Swiss chef Saly Weil and his pupils at Hotel New Grand. courtesy of Brutus magazine.
Napolitan Spaghetti
The most famous itameshi dish, however, is not wafu. It is spaghetti Napolitan, which has no connection to the city of Naples despite its name. Cooked spaghetti is stir-fried in a ketchup-based tomato sauce with ingredients like onions, green peppers and either bacon or sausage, creating a distinct, sweet-tart-umami flavor profile.
Its invention reportedly dates back to 1945, when
Hotel New Grand
in Yokohama served as a residence for United States officers. Head Chef Shigetada Irie, in an attempt to please his new customers with limited supplies, allegedly used sautéed garlic and bacon to enhance a canned tomato puree.
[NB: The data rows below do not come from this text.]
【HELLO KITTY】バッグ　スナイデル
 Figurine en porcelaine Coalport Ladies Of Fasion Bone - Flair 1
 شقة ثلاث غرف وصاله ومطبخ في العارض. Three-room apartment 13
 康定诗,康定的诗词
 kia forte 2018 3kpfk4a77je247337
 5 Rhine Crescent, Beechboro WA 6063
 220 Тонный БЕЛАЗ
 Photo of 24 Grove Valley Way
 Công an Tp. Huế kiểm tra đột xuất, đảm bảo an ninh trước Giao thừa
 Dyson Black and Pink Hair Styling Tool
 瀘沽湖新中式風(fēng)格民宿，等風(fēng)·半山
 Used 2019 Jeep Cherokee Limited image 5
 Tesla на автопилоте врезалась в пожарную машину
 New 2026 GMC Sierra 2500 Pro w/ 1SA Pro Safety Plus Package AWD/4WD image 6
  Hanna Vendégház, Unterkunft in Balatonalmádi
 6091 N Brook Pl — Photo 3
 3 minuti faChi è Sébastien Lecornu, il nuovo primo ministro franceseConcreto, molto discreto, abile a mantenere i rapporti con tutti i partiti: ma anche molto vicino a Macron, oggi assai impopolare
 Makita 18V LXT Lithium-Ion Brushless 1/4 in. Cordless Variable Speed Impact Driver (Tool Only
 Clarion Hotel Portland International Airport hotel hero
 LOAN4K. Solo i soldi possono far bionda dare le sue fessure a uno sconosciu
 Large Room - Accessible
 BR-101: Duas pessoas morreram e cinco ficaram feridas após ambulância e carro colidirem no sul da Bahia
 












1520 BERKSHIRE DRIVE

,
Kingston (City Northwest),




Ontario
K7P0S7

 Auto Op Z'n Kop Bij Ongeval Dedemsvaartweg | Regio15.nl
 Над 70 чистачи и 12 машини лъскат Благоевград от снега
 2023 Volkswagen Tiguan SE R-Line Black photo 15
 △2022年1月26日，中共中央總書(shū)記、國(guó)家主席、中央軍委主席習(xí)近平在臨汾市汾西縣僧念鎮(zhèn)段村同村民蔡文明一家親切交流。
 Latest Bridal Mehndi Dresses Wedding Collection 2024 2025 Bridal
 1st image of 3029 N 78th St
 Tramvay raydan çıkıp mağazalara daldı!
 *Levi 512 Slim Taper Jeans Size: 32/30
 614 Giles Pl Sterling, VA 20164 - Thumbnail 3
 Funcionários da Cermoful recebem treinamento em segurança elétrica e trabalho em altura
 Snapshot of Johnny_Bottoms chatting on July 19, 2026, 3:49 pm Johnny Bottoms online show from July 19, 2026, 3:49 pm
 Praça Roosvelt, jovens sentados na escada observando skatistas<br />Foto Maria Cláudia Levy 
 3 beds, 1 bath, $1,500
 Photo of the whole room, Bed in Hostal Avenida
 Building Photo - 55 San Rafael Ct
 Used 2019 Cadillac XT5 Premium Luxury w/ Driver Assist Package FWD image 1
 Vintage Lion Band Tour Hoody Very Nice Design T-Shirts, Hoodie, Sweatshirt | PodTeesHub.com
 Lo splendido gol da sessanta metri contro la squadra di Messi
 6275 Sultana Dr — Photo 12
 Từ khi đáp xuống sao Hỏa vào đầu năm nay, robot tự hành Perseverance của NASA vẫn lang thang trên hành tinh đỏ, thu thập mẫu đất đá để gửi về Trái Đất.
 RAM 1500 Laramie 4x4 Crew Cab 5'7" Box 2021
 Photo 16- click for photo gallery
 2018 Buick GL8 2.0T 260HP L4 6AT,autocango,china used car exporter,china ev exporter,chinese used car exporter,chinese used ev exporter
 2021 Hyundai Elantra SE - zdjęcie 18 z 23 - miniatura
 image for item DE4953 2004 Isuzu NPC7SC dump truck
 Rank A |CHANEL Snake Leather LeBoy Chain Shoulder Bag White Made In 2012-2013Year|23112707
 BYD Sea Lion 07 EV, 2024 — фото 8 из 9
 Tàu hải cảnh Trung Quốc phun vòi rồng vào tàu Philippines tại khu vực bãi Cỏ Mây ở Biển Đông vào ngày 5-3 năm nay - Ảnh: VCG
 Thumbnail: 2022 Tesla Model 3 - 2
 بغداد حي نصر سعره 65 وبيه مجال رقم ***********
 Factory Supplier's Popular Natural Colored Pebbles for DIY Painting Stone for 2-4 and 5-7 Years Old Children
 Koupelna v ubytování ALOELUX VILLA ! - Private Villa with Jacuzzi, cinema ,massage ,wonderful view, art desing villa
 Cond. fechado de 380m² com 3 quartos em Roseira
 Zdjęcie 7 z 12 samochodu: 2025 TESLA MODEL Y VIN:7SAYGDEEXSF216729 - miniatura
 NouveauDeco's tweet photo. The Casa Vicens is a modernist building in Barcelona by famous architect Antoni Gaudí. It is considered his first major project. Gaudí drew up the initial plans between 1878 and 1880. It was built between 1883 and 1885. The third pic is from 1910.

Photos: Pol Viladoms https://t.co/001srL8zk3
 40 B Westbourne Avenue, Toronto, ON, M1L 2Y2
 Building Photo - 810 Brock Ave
Although the European-trained Irie did not actually use ketchup, the hotel dish became a huge hit and spawned copies by other restaurants, which substituted the affordable condiment for tomato puree. If you'd like to try the original in Yokohama, though, Hotel New Grand still serves Irie's blueprint version, sans ketchup.
courtesy of kabe no ana
Tarako Spaghetti
Love it or hate it, tarako spaghetti is one of the most iconic itameshi creations. In 1967, an unnamed regular walked into a hole-in-the-wall on Shibuya's Dogenzaka street (literally — the restaurant is called
Kabe no Ana
, meaning 'hole in the wall') and made history. He had brought with him a tin of canned caviar and asked if it could be used as a topping. The salty, buttery invention turned out to be delicious, but because the restaurant could not regularly feature such an expensive ingredient, they turned to
tarako
: salted pollack roe.
You can still try this wafu dish at Kabe no Ana, or at most casual Italian restaurants. Tarako spaghetti most often features salted pollack roe, butter, soy sauce and
nori
(seaweed) strips. Sometimes, it's garnished with mushrooms, green onions and whitefish. Mentaiko spaghetti, a popular variation, adds spice to the pollack roe, giving the sauce a pink shade.
Wafu Pizza
While Naples-style pizza at places like
Pizza Studio Tamaki
and
Pizza Strada
have attracted attention in recent years for their puffy crusts and gooey goodness, many Japanese eateries have amazing wafu pizza you need to try. For instance,
L'ombelico
, located in Trunk Hotel Yoyogi Park, offers a Nojiri pie loaded with clams from Hokkaido, garlic and pecorino cheese.
The Pizza Bar on 38th
, a Michelin Bib Gourmand spot in Mandarin Oriental, Tokyo, serves pizza with slices of Wagyu beef.
Ciel Pizza
in Shibuya and
Pizza Marumo
in Ebisu are also great choices. The former serves pies with
shirasu
(baby sardines) and sansho peppers, while the latter uses components like shiitake mushroom puree and
kombu
(kelp) shavings.
If you're in search of something more affordable, check out the good old family restaurants such as Jolly Pasta, Gusto and Saizeriya for dishes like teriyaki chicken pizza and mayonnaise-and-corn pizza.